■ PROBLEM TO SOLVE ■
The copy should begin at the line containing "Stock image for" and end with the last line below, every line exact and no picture included.

--- COLLECTED MATERIAL Enclosed Below ---

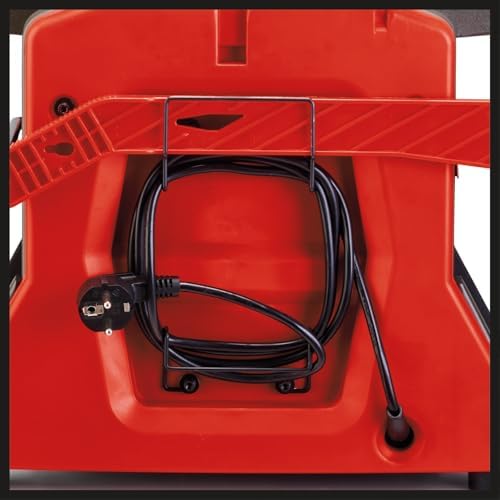 Bild 1 - Einhell Stationäre Hobelmaschine TC-SP 204/2 (1500 W, 9000 min-1, 204 mm Hobelbreite, stabile Konstruktion zum Dickenhobeln und Abrichten, ausziehbarer Ausgabebügel)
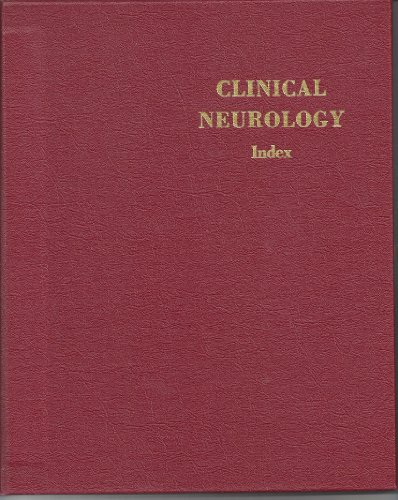 Stock image for Clinical Neurology four volume set for sale by Rare Reads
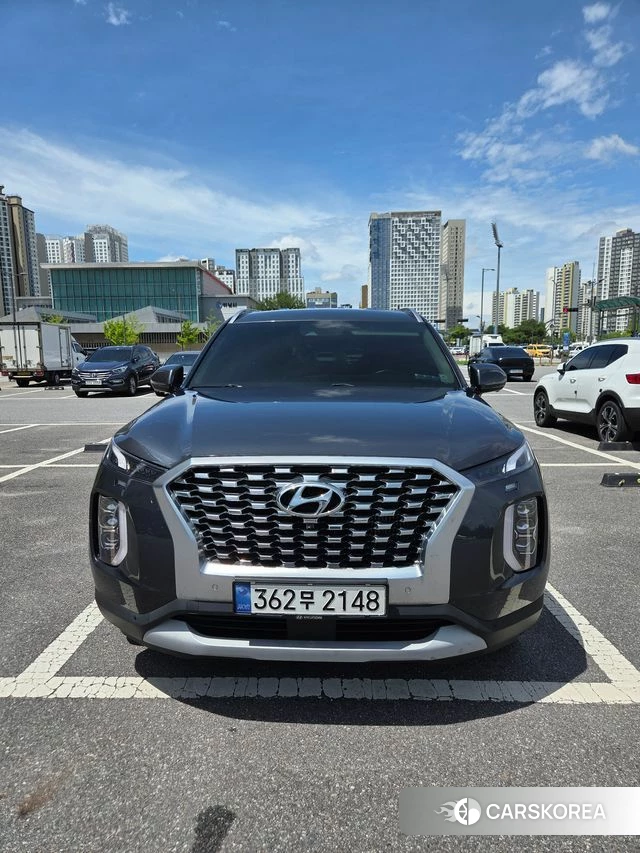 Hyundai Palisade 2020 Серый из Кореи, фото 6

--- End of Enclosed COLLECTED MATERIAL ---

■ EXPECTED ANSWER ■
 Stock image for Clinical Neurology four volume set for sale by Rare Reads
 Hyundai Palisade 2020 Серый из Кореи, фото 6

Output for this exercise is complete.